Parents and educators in Douglas County, Colorado, opposed to corporate reform were pleased by the resignation of the superintendent, who has accepted a position in the schools of Humble, Texas.
FOR IMMEDIATE RELEASE
May 25, 2016
For more information contact:
Amy DeValk: voices4publiceducation@gmail.com, 303-350-7206
Stefanie Fuhr: voices4publiceducation@gmail.com, 303-483-1196
Superintendent Fagen’s Resignation a Victory for the Community; More Work Remains to Reclaim the Douglas County School District
After years of calling for the removal of Dr. Elizabeth Fagen as the District’s superintendent, students, parents, and teachers of Douglas County are celebrating the departure of the state’s most controversial school district leader. Community members have long attributed the district’s hostile environment to Dr. Fagen and her divisive methods for implementing policies set by the elected school board. Frustrated that their concerns have been largely ignored by the school board, parents responded with a spontaneous social media campaign started in May 2013 using the hash tag #FireFagen. A petition asking for Dr. Fagen’s removal has grown to nearly 1,500 signatures. [click here for the change.org petition]
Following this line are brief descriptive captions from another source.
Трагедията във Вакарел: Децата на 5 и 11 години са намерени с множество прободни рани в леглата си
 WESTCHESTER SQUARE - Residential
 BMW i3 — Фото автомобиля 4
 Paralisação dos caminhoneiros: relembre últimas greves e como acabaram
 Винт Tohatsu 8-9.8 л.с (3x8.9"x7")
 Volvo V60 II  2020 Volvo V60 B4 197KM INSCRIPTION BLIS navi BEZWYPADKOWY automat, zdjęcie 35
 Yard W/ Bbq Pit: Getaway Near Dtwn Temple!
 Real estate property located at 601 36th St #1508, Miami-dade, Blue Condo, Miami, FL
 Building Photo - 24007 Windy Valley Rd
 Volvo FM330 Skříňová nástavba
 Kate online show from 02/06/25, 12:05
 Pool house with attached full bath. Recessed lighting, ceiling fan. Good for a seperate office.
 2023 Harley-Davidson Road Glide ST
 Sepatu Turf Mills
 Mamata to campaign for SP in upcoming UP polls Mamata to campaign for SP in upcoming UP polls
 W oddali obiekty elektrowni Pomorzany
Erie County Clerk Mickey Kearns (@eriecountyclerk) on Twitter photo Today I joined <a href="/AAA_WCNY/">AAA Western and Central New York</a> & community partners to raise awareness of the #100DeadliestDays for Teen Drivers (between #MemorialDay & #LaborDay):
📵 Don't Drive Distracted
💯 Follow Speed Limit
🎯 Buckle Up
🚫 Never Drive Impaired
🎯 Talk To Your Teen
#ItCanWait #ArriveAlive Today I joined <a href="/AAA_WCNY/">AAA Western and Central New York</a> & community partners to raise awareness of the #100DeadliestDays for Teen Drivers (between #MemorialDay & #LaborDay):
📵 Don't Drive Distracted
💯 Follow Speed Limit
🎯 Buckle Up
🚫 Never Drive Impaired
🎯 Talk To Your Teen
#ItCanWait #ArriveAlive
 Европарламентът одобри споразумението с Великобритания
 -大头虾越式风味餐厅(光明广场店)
Dr. Fagen was hired by the Douglas County Board of Education in 2010. The superintendent is hired to ensure the accomplishment of the Board of Education’s goals and vision for the District. These policies have resulted in a marked increase in teacher turnover, multiple lawsuits for an unconstitutional voucher program, and a flawed pay for performance system.
While we are pleased with Dr. Fagen’s departure, Directors Silverthorn and Reynolds are unfit to represent the Douglas County School District, as evidenced by their recent treatment of high school student Grace Davis during a private meeting where they unsuccessfully attempted to dissuade Ms. Davis from holding a student protest criticizing the board’s anti-teacher policies. Ms. Davis’ parents were not notified in advance that their daughter would be interrogated for 90 minutes by the directors. Ms. Reynold’s unethical behavior led to her suspension and subsequent resignation from a volunteer position with the Girl Scouts. Both are currently under a third-party investigation regarding this matter; results of the investigation are scheduled to be released at the June 21 board meeting.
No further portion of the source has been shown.